[Xapian-discuss] The position list table and index size (compared to Lucene)

Mon Nov 9 12:41:19 GMT 2009

Olly Betts wrote:
> On Fri, Nov 06, 2009 at 05:38:44PM +0100, Paul Boddie wrote:
>   
>> One issue which arose from a migration from Lucene to Xapian was the
>> approximately four-fold increase in index size when moving to Xapian;
>>     
>
> Four-fold sounds extreme - are you sure you are comparing like with like?
>
> For example, indexing your data in the same way with the two systems, storing
> the same literal data in each, and comparing optimised/compacted sizes or
> unoptimised/uncompacted sizes, not one of each.
>   

I'm fairly sure that it's a like-for-like comparison for both aggressive 
tokenisation (lots of tokens) and more conventional tokenisation. I 
always optimise/compact each index I create because this has shown a 
substantial effect on search performance, especially with Lucene. The 
typical index size is around 390M for Xapian, but only around 100M for 
Lucene. (I describe the internal table sizes below.)

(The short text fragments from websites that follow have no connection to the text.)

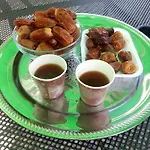 아파트 Aisha And Fatih *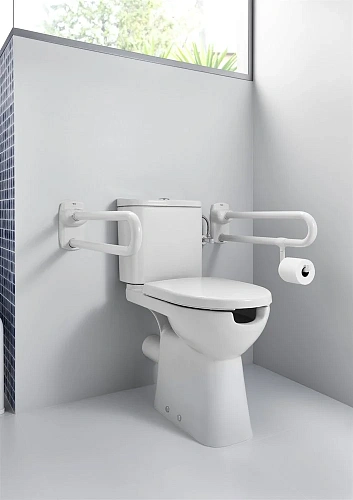 Держатель туалетной бумаги ROCA Access 816911009 Держатель туалетной бумаги ROCA Access 816911009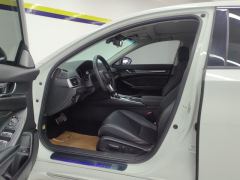 Honda Accord - photo 14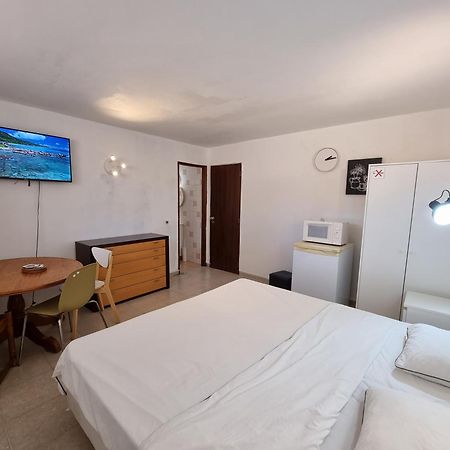 Aaa Apartaments T0 Piscina Marina Albufeira Extérieur photo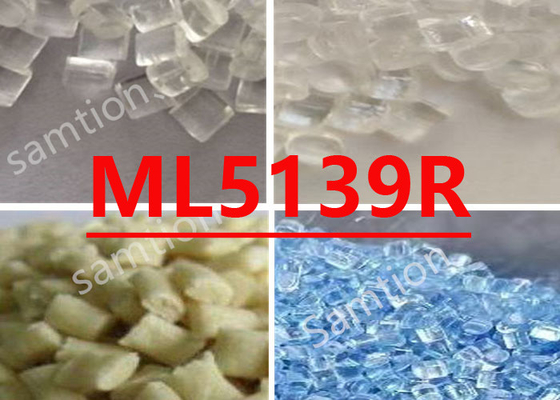 S-Plastic Lexan ML5139R 10% GR, biedt een optimale combinatie van hoge modulus plus uitstekende slagsterkte en FR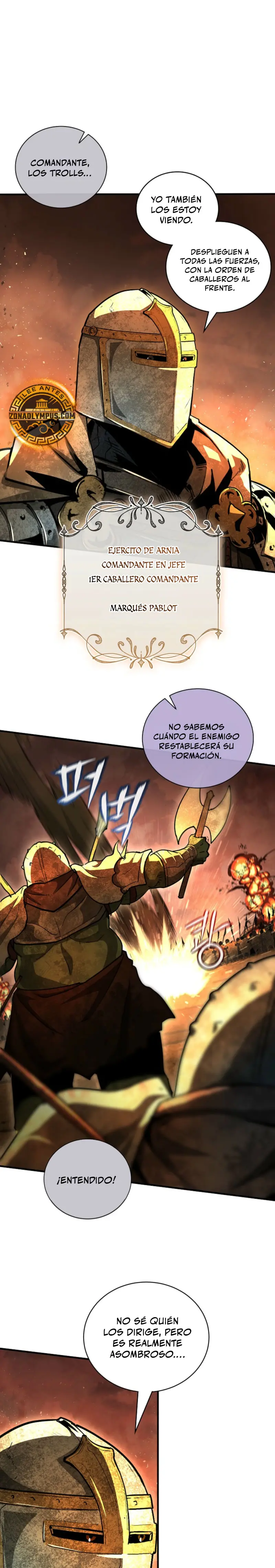 Mestizo capítulo 32 página 13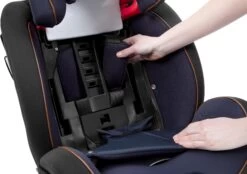 Joie For Halfords Convoy Group 0+/1/2 Car Seat -Joy Shop 457318m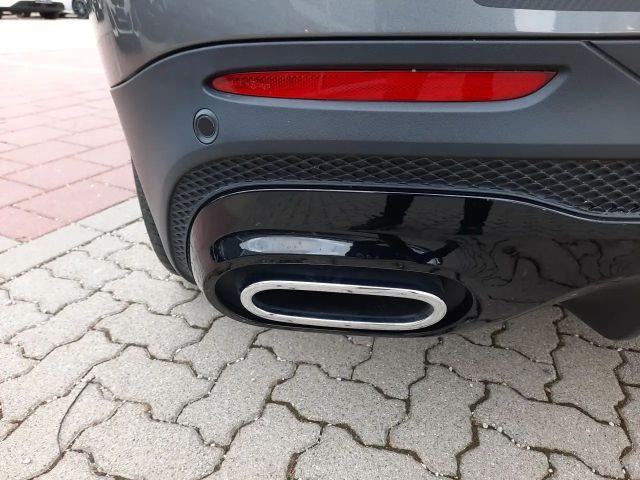 Mercedes-Benz GLB 200 AMG Line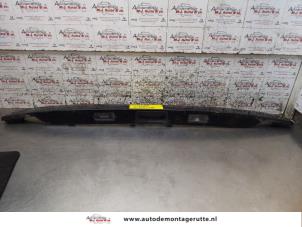O171390 Gebruikte handgreep achterklep Ford S-Max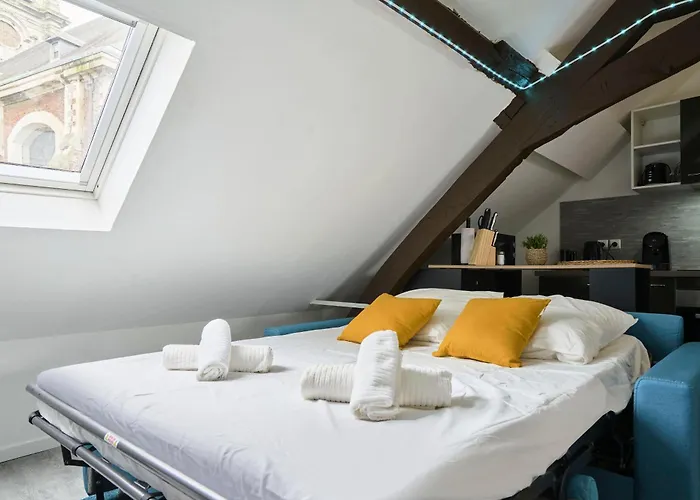 Gameclub - Les Demeures D'adrien * Carvin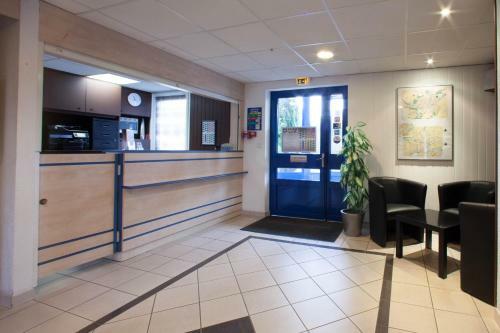 Hotel H�tel Apart�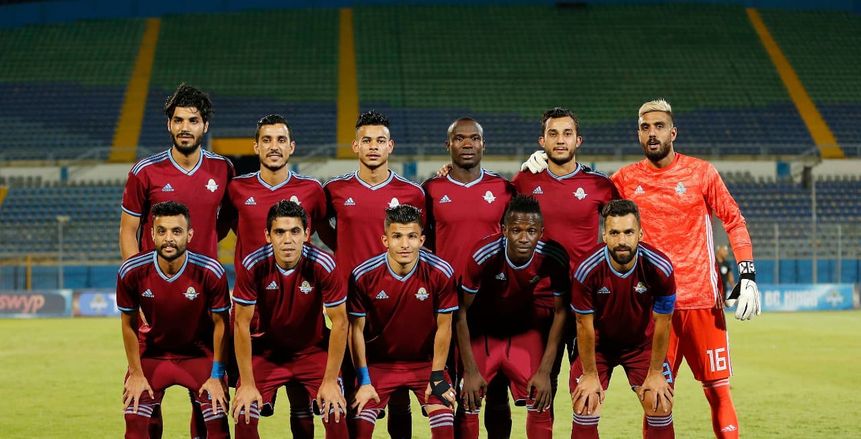 بث مباشر.. مشاهدة مباراة بيراميدز وبتروجت في كأس مصر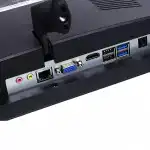 Моноблок iRU Office P2313 1897447 (23.8 ", Intel, Core i3, 10100, 3.6, 8 Гб, SSD, 256 Гб)
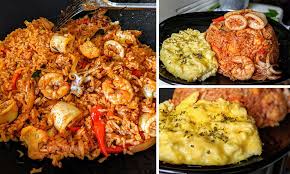 Tapi, kamu akan merasakan sensasi yang berbeda di suapan pertama! Cara Masak Nasi Goreng Tomyam Pedas Padu Siap Dengan Resepi Scrambled Eggs Daily Makan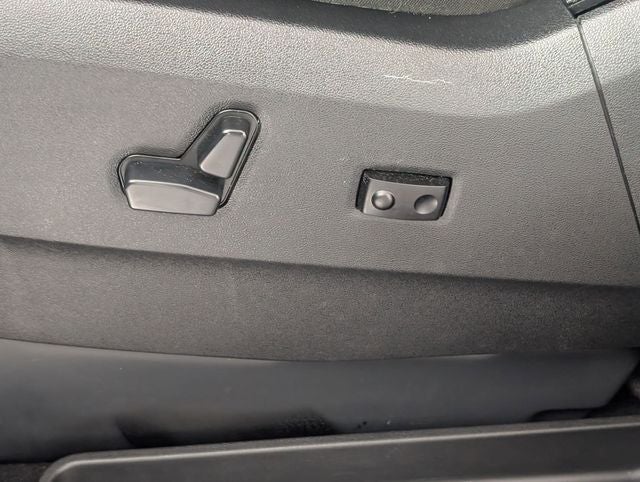 2020 Dodge Grand Caravan SE Plus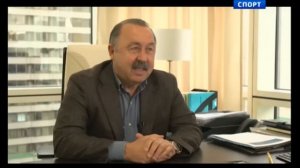 Истории футбола №3. Александр Бубнов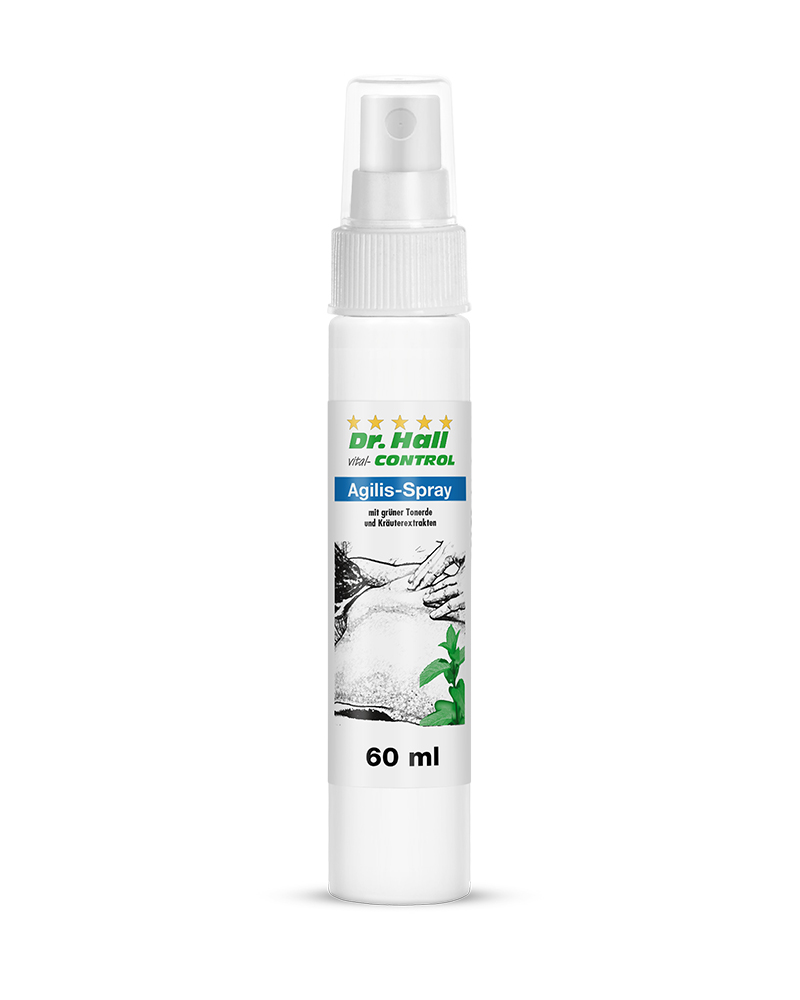 Agilis-Spray, 60 ml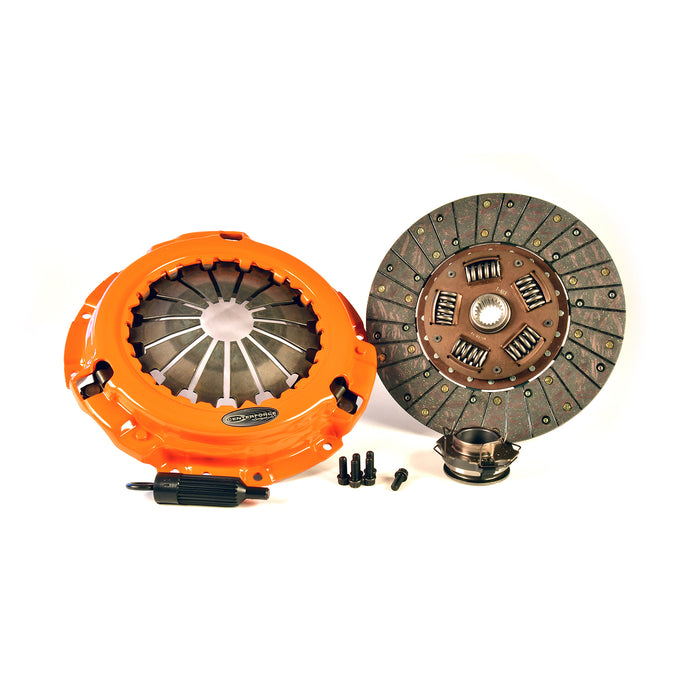 Centerforce 2 Clutch Kit Tacoma 3.5 21 Spline CTFKCFT508110
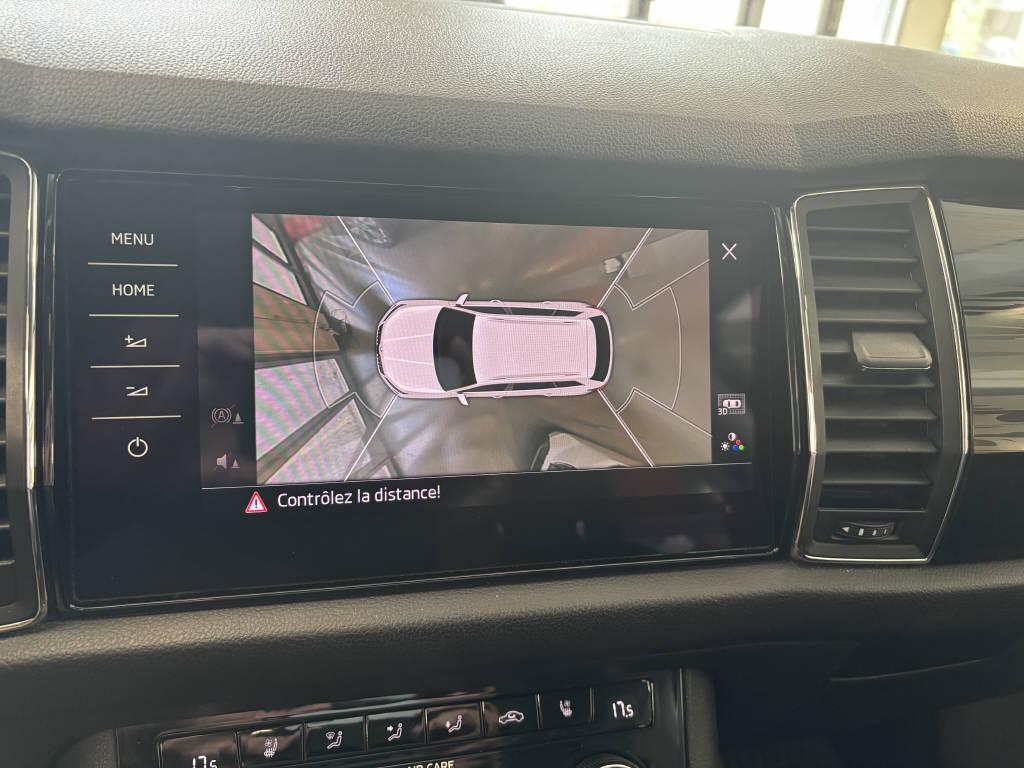 SKODA Kodiaq 2.0 TDI 190 Style DSG-image-14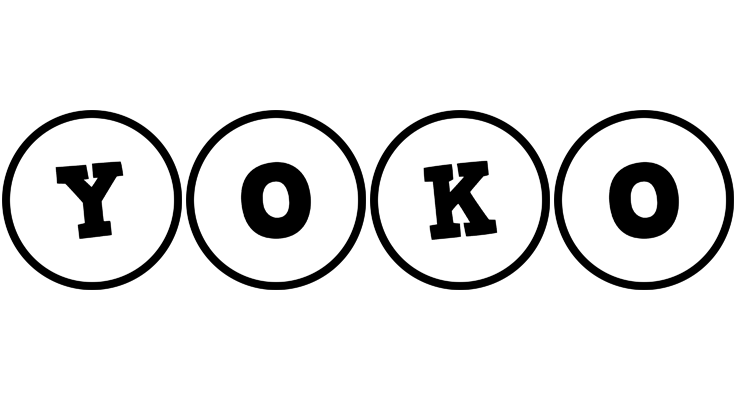 Yoko handy logo
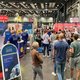 Die job4u-Messe in Oldenburg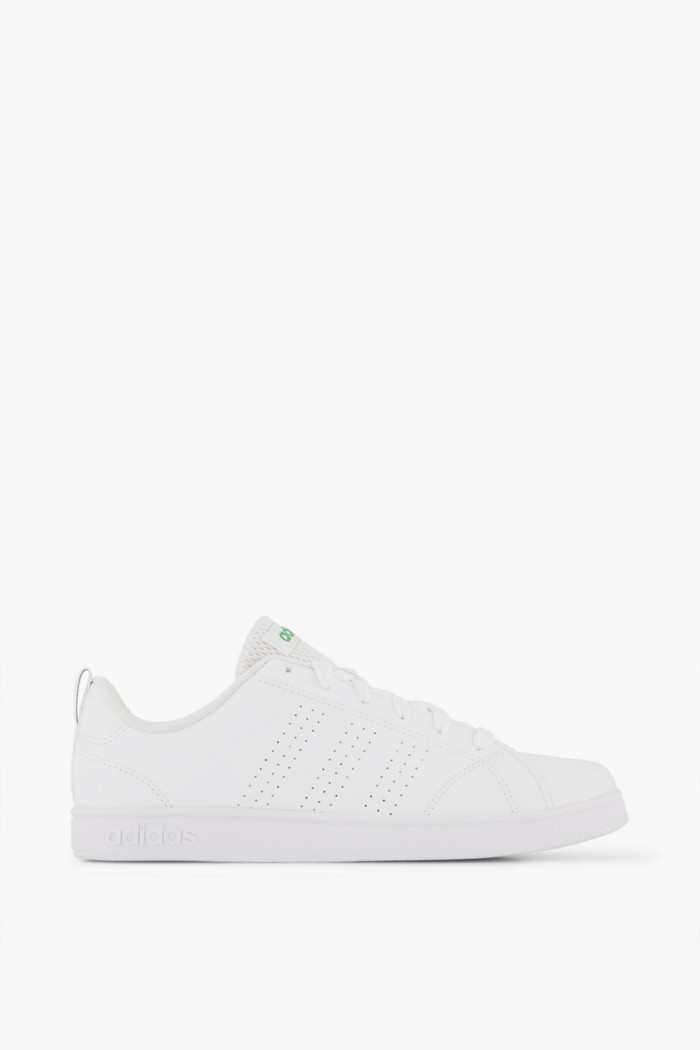 sneakers enfant advantage clean adidas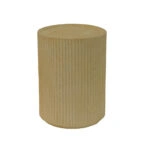 KION SIDE TABLE BEIGE 42,5x42,5xH57cm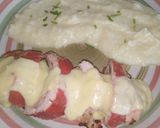 Foto del paso 12 de la receta: Tammy's Cordón Bleu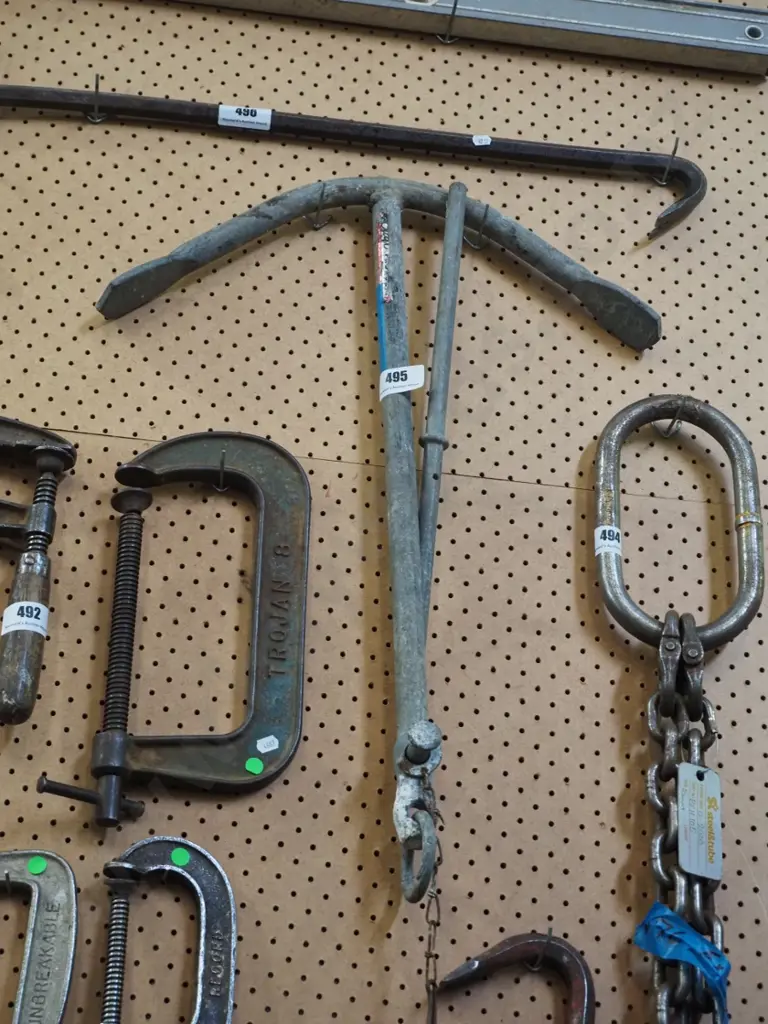 boat anchor Image 1++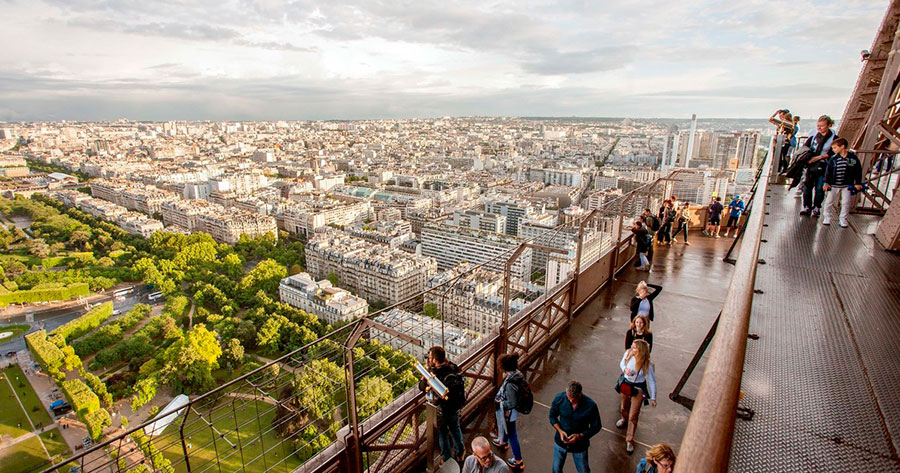 Париж (paris) - лучший путеводитель по парижу с маршрутами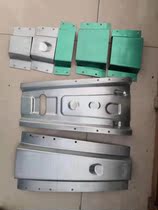 Pentium body repair sheet metal simulation neutral column welding seven pieces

The "pathological" aspect of the indexes I've created is that few tokens 
are discarded, which obviously bloats each index and is likely to 
produce lots of position data. I know that this is a "bad thing" where 
text indexing solutions are concerned, but the domain I'm working in 
doesn't easily permit me to discard tokens which look like junk. 
(Actually, there are approaches which involve identifying regions of 
"interesting" text using machine learning approaches, just indexing 
those regions, and then throwing everything else away, but we have 
chosen not to follow that approach.)

>> this appears to be a product of the term position information, and I
>> have also seen similar reports of index "growth" mentioned in the
>> mailing list archives. For example:
>>
>> http://lists.tartarus.org/pipermail/xapian-discuss/2009-April/006626.html
>> (There are probably better examples than this, but I can't locate more
>> relevant documents at the moment.)
>>
>> Are there any simple explanations for the large differences in index and
>> position list table size?
>>     
>
> Well, the article you just linked to discusses one big factor - the termlist
> table.  It seems silly to repeat myself - just read what I wrote before - but
> to update what's said there a little, this is now optional in trunk, though
> "imperfect" deletion isn't yet supported.
>
> As it also mentions, the chert backend in 1.1.x is more compact than the flint
> backend which is the default in 1.0.x.
>   

I did try the 1.1.x branch a few weeks ago, but the savings appeared to 
be negligible for my particular case. As for the term list table, the 
possibility of deleting it would be applicable for the indexes I create 
since they are never updated - new versions of documents are 
stored/indexed in new, separate index versions - but I'm not too sure 
that this would dramatically decrease the overall index sizes, however, 
since in the typical case the termlist.DB file is around 50M, whereas 
the position.DB file is around 230M. (The postlist.DB file is around 
50M, the record.DB file is around 3M, and the value.DB file is around 40M.)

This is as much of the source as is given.